By Paul Gambles, MBMG Group

The unknown origin of the saying “the road to hell is paved with good intentions” long precedes the current vogue for ESG (environmental, social and corporate governance) approaches to investing, but in many ways, it could have been coined for exactly that purpose, perhaps reflecting the long history of such concerns.

Before the UN even coined the term ESG as a way of updating and expanding their Millennium Development Goals (MDGs), there had already been renewed interest in what was then known as “ethical investing”. In fact, the history of what we currently call ESG dates back 5,000 years.

One of the first known civilisations, the Sumerians of Mesopotamia, introduced the concept of “debt jubilee” to counter concerns that the practice of lending by those who had surplus capital to those who were deficient in capital inevitably led to inequitable consequences, including literal “debt slavery” for defaulters, whilst in Babylon, the Code of Hammurabi, addressed similar concerns. As David Graeber pointed out: “These rulers were not likely acting out of humanitarian concern as caretakers of their subjects. They were trying to avoid their very societies being ripped apart as their hopelessly indebted subjects fled or became landless debt peons.”

Ancient Jewish laws also imposed comparable restrictions on investor behaviour, while sharia law still observes the prohibition of interest on loans, in line with various passages in the Quran as well as in other teachings of Muhammad.
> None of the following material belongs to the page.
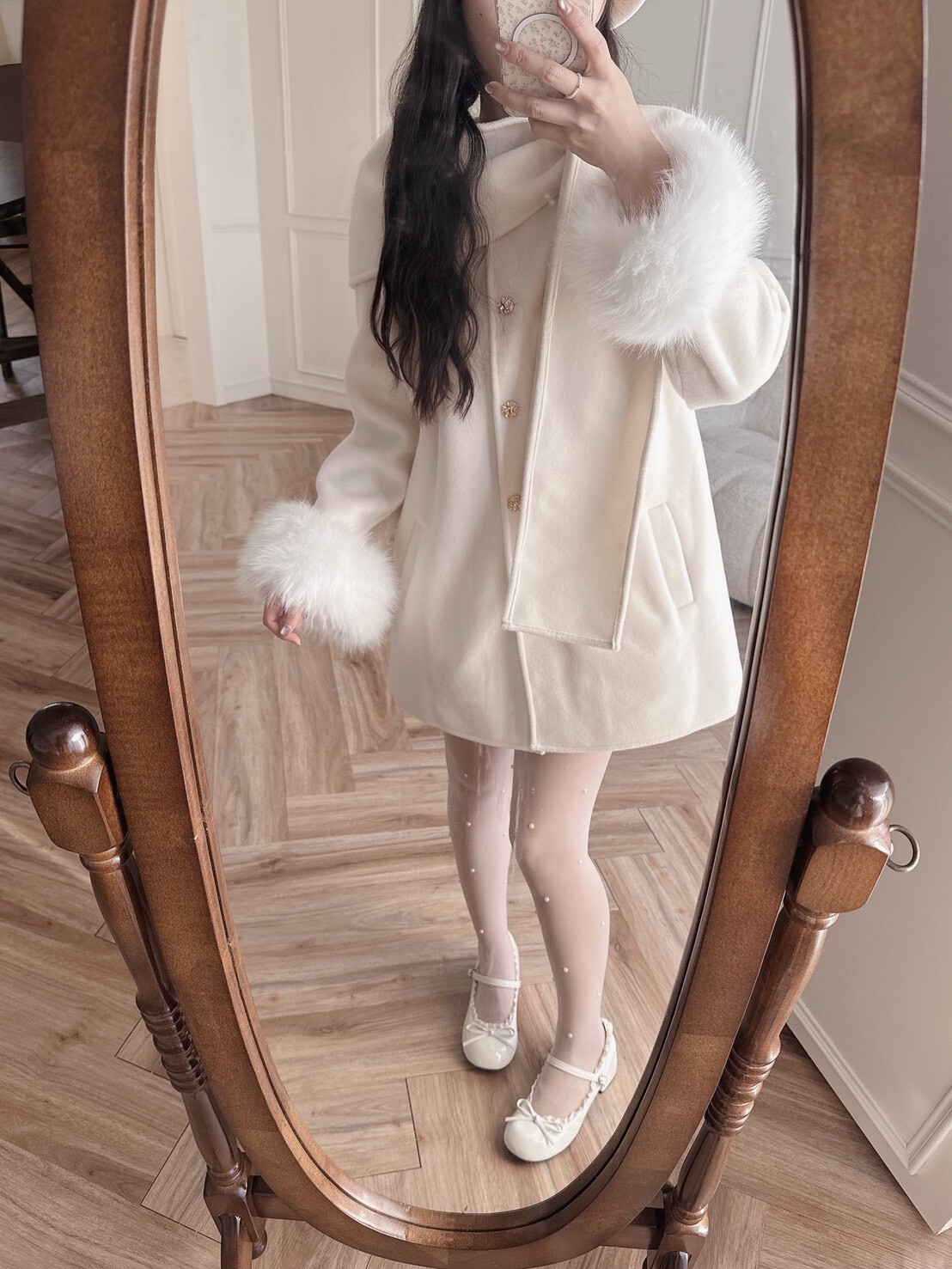 LINE_ALBUM_20251223_251223_364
More recently, John Wesley sought to infuse Methodist values in all aspects of eighteenth-century life, including business and investment, famously asking, “Are our people good economists?” His own answer to that, in public and private, was to “enlarge on economy as a branch of religion.” The expansion of empire and the New World took Methodist values “global” alongside the resettlement in North America of pioneers of the Religious Society of Friends, better known as the Quakers.

Quakers from the Cadbury, Fry and Rowntree families are remembered to this day for their business imprint in sectors like chocolate and confectionary manufacturing – providing working men a “healthier” alternative to alcohol. Quakers famously introduced screening, a method emulated in ESG investing today, to exclude business activities that might be regarded as unsuitable; although many businesses that might raise eyebrows in 2022 (banking, broking, life assurance and money transfer) were operated by Quakers such as the Barclay, Cornell, and Webb families, but were however operated along Quaker lines. According to Ian Hislop’s documentary When Bankers Were Good, these businesses were very much better for doing so.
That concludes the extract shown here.